■ **EXERCISE**
Look below for the line holding "813 9th Street" and the line holding "Corsanico Villa |". Transcribe exactly those lines and all lines between them, nothing more.

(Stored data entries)
^^^^

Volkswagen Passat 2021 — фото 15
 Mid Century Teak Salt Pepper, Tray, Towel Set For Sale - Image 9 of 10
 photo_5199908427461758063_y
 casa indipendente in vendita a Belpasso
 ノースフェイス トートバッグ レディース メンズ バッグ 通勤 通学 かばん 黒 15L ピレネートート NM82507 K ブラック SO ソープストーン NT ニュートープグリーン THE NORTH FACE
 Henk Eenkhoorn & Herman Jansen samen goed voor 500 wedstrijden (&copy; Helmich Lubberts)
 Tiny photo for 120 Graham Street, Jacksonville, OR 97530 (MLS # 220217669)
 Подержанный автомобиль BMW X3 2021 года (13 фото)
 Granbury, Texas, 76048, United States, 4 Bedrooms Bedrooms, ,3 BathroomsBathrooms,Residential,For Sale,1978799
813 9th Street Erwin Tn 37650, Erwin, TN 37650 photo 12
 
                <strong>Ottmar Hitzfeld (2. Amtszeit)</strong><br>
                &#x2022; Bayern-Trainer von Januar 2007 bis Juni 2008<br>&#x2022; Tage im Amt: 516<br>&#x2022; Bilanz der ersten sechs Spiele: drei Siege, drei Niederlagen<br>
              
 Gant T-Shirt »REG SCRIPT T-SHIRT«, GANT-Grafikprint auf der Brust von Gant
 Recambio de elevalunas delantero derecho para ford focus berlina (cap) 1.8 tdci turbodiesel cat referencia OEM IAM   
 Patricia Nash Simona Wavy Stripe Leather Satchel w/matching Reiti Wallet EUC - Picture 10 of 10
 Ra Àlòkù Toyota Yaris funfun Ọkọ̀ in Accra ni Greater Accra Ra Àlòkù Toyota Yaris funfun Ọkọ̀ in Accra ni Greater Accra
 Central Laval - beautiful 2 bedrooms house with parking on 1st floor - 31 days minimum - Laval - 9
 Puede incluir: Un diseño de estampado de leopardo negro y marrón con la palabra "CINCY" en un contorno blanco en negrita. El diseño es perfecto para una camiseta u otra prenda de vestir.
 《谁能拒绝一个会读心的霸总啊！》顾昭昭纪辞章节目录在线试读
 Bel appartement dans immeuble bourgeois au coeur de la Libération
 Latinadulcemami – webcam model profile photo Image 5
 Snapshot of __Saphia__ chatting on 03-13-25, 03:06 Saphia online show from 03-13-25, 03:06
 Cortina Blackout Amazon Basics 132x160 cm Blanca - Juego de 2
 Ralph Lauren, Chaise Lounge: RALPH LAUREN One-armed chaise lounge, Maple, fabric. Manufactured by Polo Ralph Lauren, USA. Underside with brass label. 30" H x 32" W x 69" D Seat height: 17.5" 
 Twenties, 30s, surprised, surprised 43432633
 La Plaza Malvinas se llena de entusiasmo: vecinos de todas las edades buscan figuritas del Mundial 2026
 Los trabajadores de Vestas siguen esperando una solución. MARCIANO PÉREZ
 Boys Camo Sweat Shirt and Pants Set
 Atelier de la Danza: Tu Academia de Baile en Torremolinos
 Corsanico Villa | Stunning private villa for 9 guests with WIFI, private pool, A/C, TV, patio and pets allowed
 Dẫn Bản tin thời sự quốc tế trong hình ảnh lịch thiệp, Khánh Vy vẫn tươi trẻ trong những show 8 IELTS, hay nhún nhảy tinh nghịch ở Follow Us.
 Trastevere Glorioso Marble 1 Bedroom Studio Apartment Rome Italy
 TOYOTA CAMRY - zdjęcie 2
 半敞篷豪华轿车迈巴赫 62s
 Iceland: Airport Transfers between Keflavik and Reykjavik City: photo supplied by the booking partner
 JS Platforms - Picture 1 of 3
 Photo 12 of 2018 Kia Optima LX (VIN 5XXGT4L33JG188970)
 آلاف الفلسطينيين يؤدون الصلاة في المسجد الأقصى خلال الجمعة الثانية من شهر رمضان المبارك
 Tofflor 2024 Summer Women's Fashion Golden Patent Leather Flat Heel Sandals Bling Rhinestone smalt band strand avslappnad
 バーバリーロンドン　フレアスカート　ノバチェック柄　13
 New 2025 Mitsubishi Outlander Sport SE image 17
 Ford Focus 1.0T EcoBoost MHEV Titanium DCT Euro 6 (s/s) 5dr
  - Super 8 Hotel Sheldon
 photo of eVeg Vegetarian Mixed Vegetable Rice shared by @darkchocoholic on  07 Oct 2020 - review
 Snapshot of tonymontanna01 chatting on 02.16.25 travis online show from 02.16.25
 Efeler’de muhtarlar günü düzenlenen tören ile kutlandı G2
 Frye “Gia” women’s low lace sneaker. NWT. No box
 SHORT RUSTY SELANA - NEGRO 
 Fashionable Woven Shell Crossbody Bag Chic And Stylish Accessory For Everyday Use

^^^^

■ **ANSWER FOR THE TASK**
813 9th Street Erwin Tn 37650, Erwin, TN 37650 photo 12
 
                <strong>Ottmar Hitzfeld (2. Amtszeit)</strong><br>
                &#x2022; Bayern-Trainer von Januar 2007 bis Juni 2008<br>&#x2022; Tage im Amt: 516<br>&#x2022; Bilanz der ersten sechs Spiele: drei Siege, drei Niederlagen<br>
              
 Gant T-Shirt »REG SCRIPT T-SHIRT«, GANT-Grafikprint auf der Brust von Gant
 Recambio de elevalunas delantero derecho para ford focus berlina (cap) 1.8 tdci turbodiesel cat referencia OEM IAM   
 Patricia Nash Simona Wavy Stripe Leather Satchel w/matching Reiti Wallet EUC - Picture 10 of 10
 Ra Àlòkù Toyota Yaris funfun Ọkọ̀ in Accra ni Greater Accra Ra Àlòkù Toyota Yaris funfun Ọkọ̀ in Accra ni Greater Accra
 Central Laval - beautiful 2 bedrooms house with parking on 1st floor - 31 days minimum - Laval - 9
 Puede incluir: Un diseño de estampado de leopardo negro y marrón con la palabra "CINCY" en un contorno blanco en negrita. El diseño es perfecto para una camiseta u otra prenda de vestir.
 《谁能拒绝一个会读心的霸总啊！》顾昭昭纪辞章节目录在线试读
 Bel appartement dans immeuble bourgeois au coeur de la Libération
 Latinadulcemami – webcam model profile photo Image 5
 Snapshot of __Saphia__ chatting on 03-13-25, 03:06 Saphia online show from 03-13-25, 03:06
 Cortina Blackout Amazon Basics 132x160 cm Blanca - Juego de 2
 Ralph Lauren, Chaise Lounge: RALPH LAUREN One-armed chaise lounge, Maple, fabric. Manufactured by Polo Ralph Lauren, USA. Underside with brass label. 30" H x 32" W x 69" D Seat height: 17.5" 
 Twenties, 30s, surprised, surprised 43432633
 La Plaza Malvinas se llena de entusiasmo: vecinos de todas las edades buscan figuritas del Mundial 2026
 Los trabajadores de Vestas siguen esperando una solución. MARCIANO PÉREZ
 Boys Camo Sweat Shirt and Pants Set
 Atelier de la Danza: Tu Academia de Baile en Torremolinos
 Corsanico Villa | Stunning private villa for 9 guests with WIFI, private pool, A/C, TV, patio and pets allowed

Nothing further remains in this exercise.